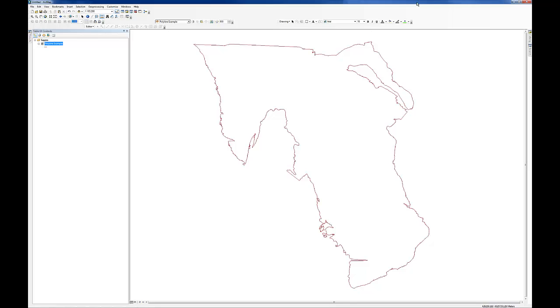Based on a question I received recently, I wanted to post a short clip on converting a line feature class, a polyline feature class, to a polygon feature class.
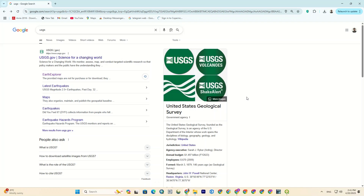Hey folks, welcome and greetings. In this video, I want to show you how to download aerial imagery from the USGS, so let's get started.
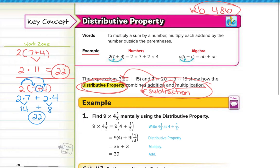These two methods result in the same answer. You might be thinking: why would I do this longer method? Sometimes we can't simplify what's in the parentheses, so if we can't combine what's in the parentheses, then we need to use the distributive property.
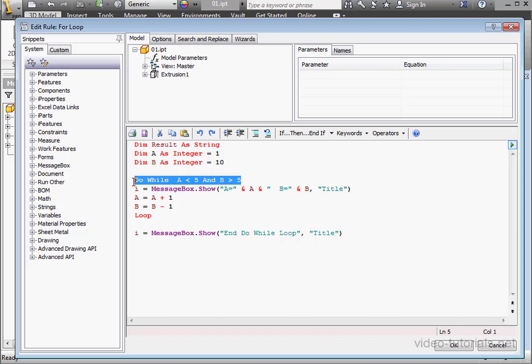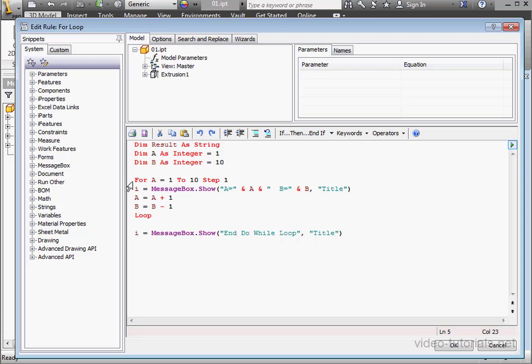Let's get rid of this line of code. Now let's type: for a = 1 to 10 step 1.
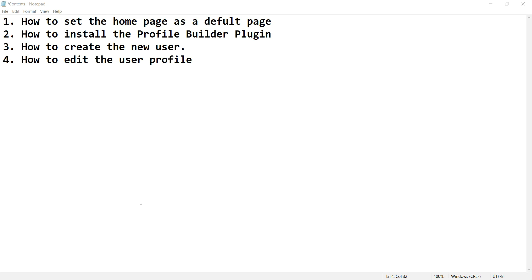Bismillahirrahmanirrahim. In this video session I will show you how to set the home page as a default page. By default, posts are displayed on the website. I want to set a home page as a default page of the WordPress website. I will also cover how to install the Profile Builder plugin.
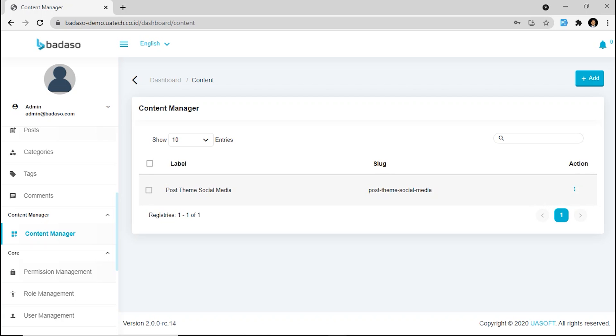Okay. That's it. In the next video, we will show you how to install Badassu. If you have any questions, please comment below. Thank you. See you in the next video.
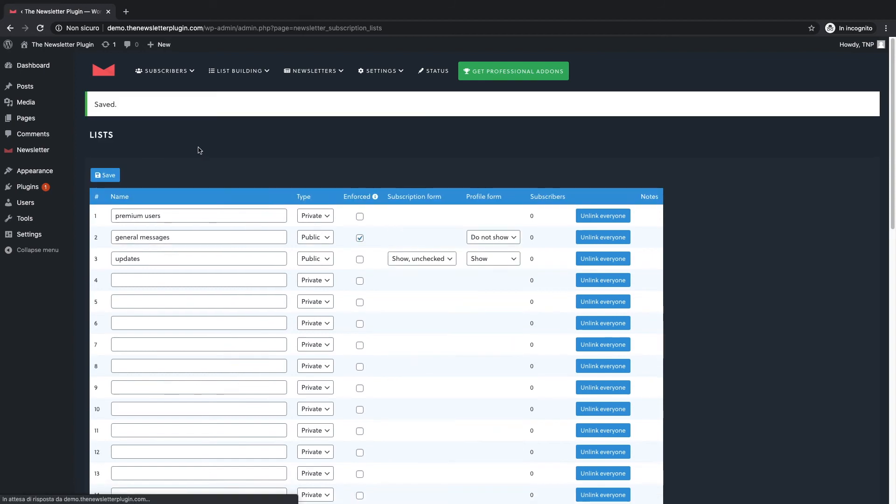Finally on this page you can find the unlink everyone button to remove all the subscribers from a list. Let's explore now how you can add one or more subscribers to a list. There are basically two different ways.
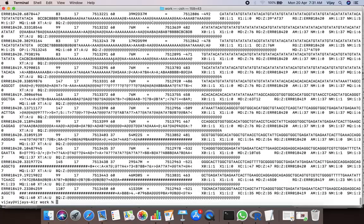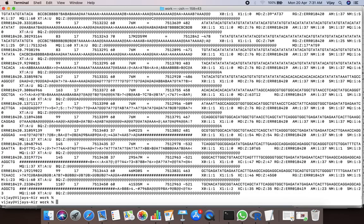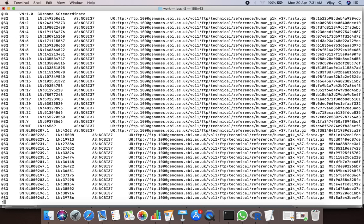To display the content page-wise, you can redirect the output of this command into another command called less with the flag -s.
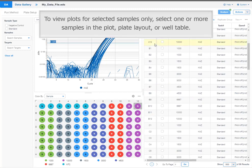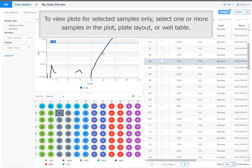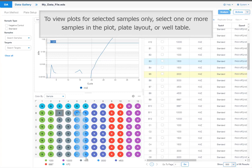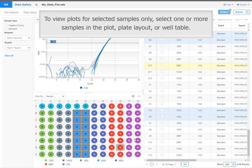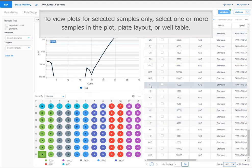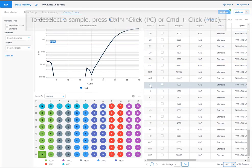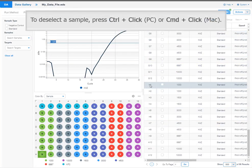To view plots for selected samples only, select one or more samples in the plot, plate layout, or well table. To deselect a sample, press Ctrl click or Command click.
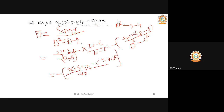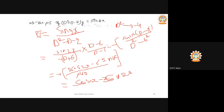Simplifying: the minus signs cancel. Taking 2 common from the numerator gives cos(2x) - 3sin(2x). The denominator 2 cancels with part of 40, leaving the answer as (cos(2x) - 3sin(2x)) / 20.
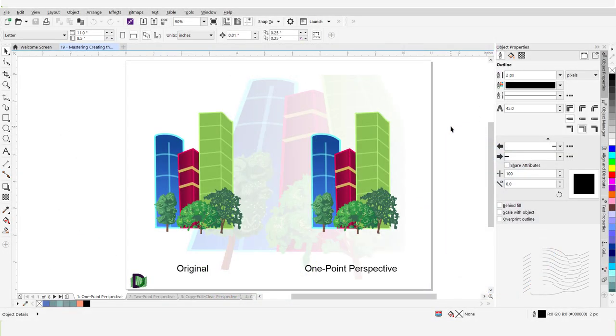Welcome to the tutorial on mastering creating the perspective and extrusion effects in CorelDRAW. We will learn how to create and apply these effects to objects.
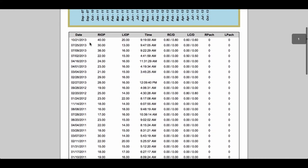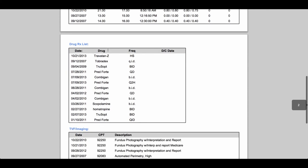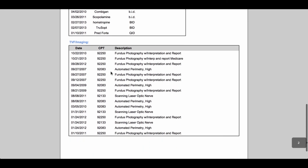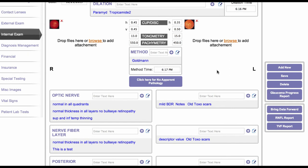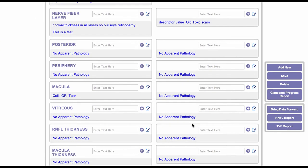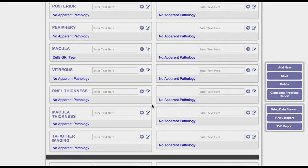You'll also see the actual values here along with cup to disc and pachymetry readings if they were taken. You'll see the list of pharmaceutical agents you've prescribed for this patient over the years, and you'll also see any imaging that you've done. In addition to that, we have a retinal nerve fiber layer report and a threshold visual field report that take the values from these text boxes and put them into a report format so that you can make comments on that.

_EXERCISE BRIEF_: Please return the records above exactly as written, dropping every picture.

_ANSWER SECTION_:
Based on a question I received recently, I wanted to post a short clip on converting a line feature class, a polyline feature class, to a polygon feature class.
Hey folks, welcome and greetings. In this video, I want to show you how to download aerial imagery from the USGS, so let's get started.
These two methods result in the same answer. You might be thinking: why would I do this longer method? Sometimes we can't simplify what's in the parentheses, so if we can't combine what's in the parentheses, then we need to use the distributive property.
Let's get rid of this line of code. Now let's type: for a = 1 to 10 step 1.
Bismillahirrahmanirrahim. In this video session I will show you how to set the home page as a default page. By default, posts are displayed on the website. I want to set a home page as a default page of the WordPress website. I will also cover how to install the Profile Builder plugin.
Okay. That's it. In the next video, we will show you how to install Badassu. If you have any questions, please comment below. Thank you. See you in the next video.
Finally on this page you can find the unlink everyone button to remove all the subscribers from a list. Let's explore now how you can add one or more subscribers to a list. There are basically two different ways.
To display the content page-wise, you can redirect the output of this command into another command called less with the flag -s.
To view plots for selected samples only, select one or more samples in the plot, plate layout, or well table. To deselect a sample, press Ctrl click or Command click.
Simplifying: the minus signs cancel. Taking 2 common from the numerator gives cos(2x) - 3sin(2x). The denominator 2 cancels with part of 40, leaving the answer as (cos(2x) - 3sin(2x)) / 20.
Welcome to the tutorial on mastering creating the perspective and extrusion effects in CorelDRAW. We will learn how to create and apply these effects to objects.
You'll also see the actual values here along with cup to disc and pachymetry readings if they were taken. You'll see the list of pharmaceutical agents you've prescribed for this patient over the years, and you'll also see any imaging that you've done. In addition to that, we have a retinal nerve fiber layer report and a threshold visual field report that take the values from these text boxes and put them into a report format so that you can make comments on that.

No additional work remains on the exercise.